THE TASK —
Every record below is to be retyped exactly, with the pictures left out.

DATASET RECORDS —

┌────────

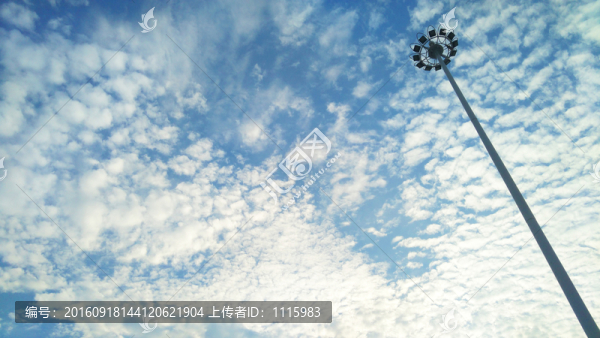 獨(dú)樹一幟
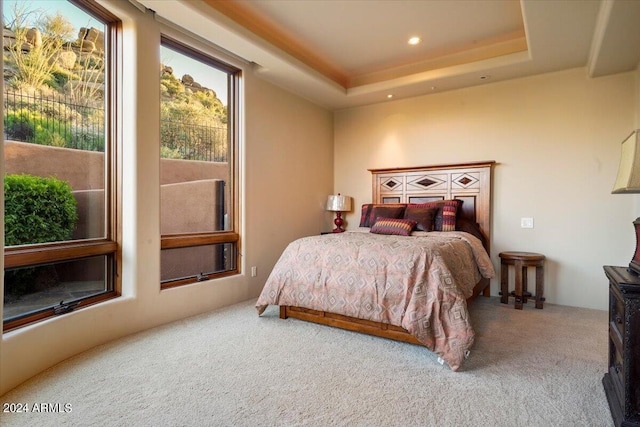 bedroom featuring a raised ceiling and carpet floors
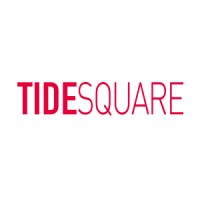 TIDESQUARE logo - Similar company to 데이터팝콘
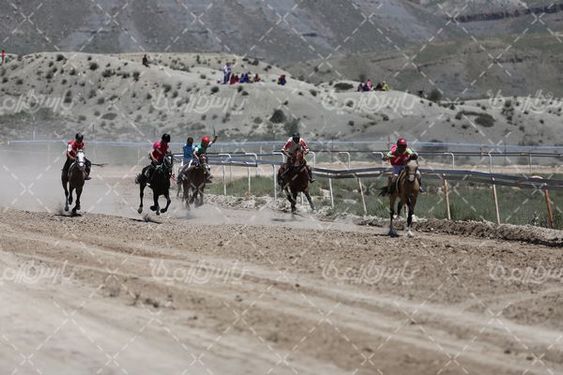 تصویربا کیفیت کورس اسب سواری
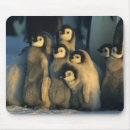 Search for cute penguins mousepads Baby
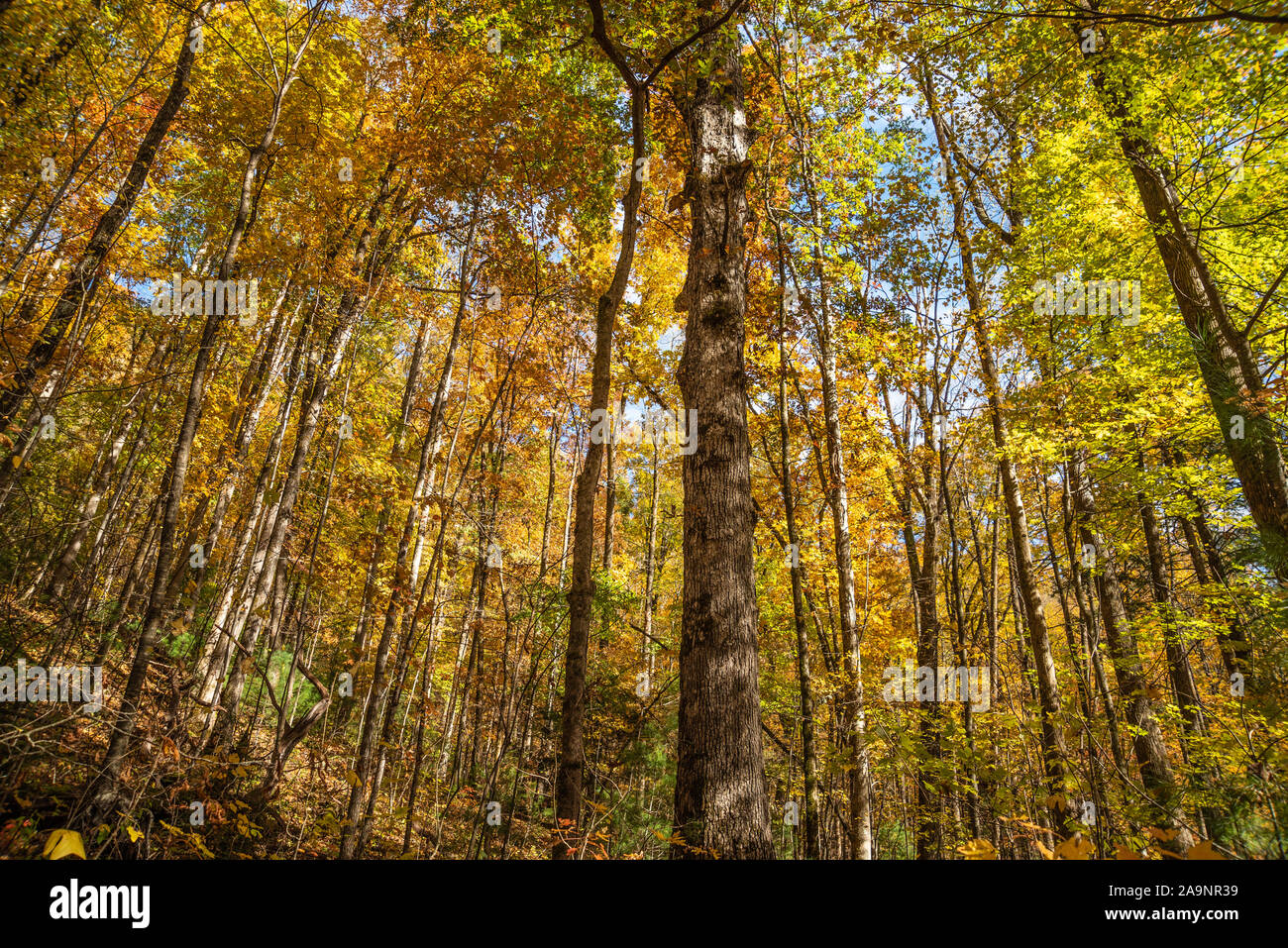 Bunte Chattahoochee National Forest Herbst Landschaft entlang der Creekside trail Anna Ruby Falls in Helen, Georgia. (USA) Stockfoto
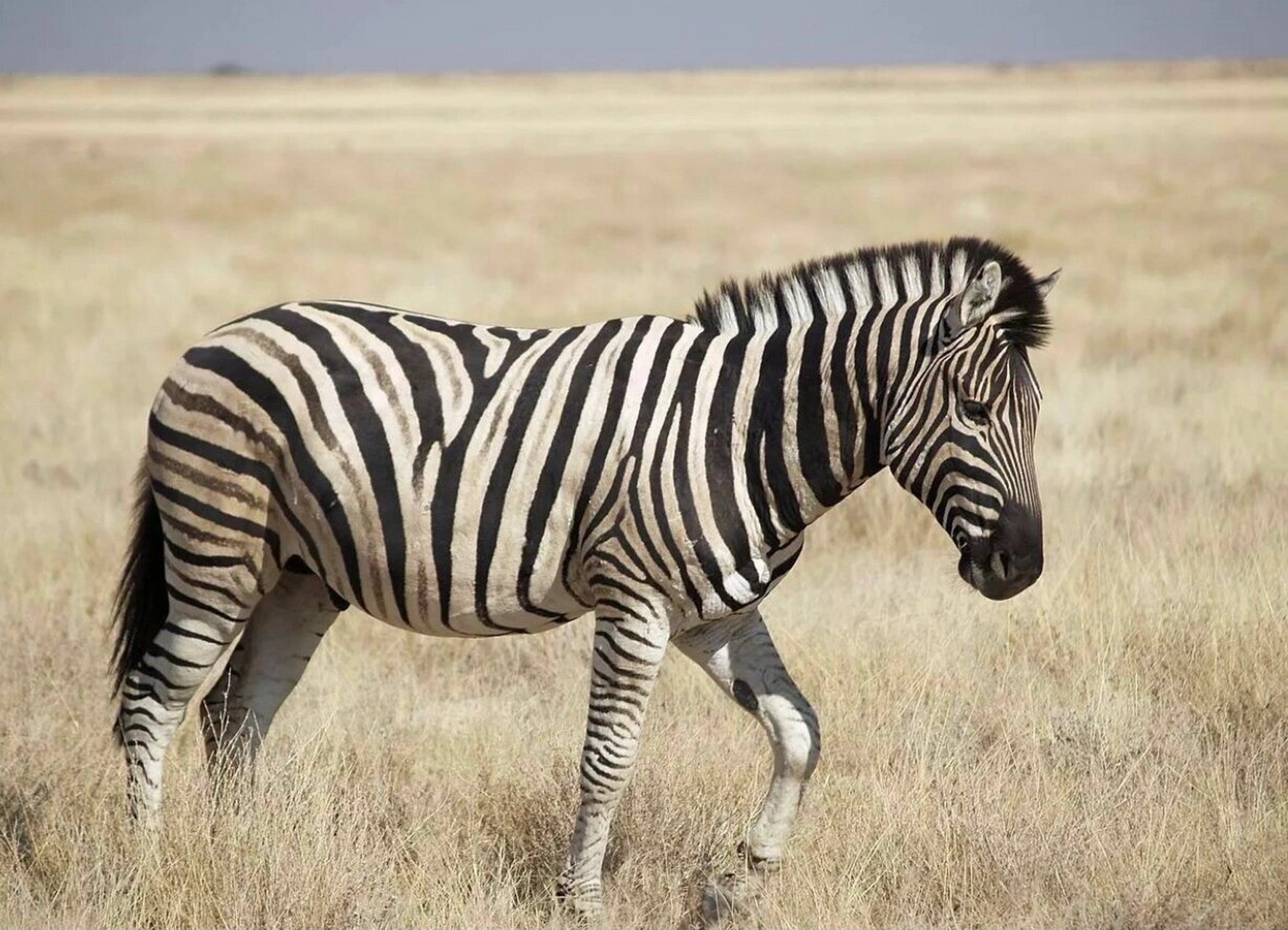 动物 平原斑马 博茨瓦纳9798的代表动物 平原斑马,学名:equus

└────────

FINISHED TASK —
 獨(dú)樹一幟
 bedroom featuring a raised ceiling and carpet floors
 TIDESQUARE logo - Similar company to 데이터팝콘
 تصویربا کیفیت کورس اسب سواری
 Search for cute penguins mousepads Baby
 Bunte Chattahoochee National Forest Herbst Landschaft entlang der Creekside trail Anna Ruby Falls in Helen, Georgia. (USA) Stockfoto
 动物 平原斑马 博茨瓦纳9798的代表动物 平原斑马,学名:equus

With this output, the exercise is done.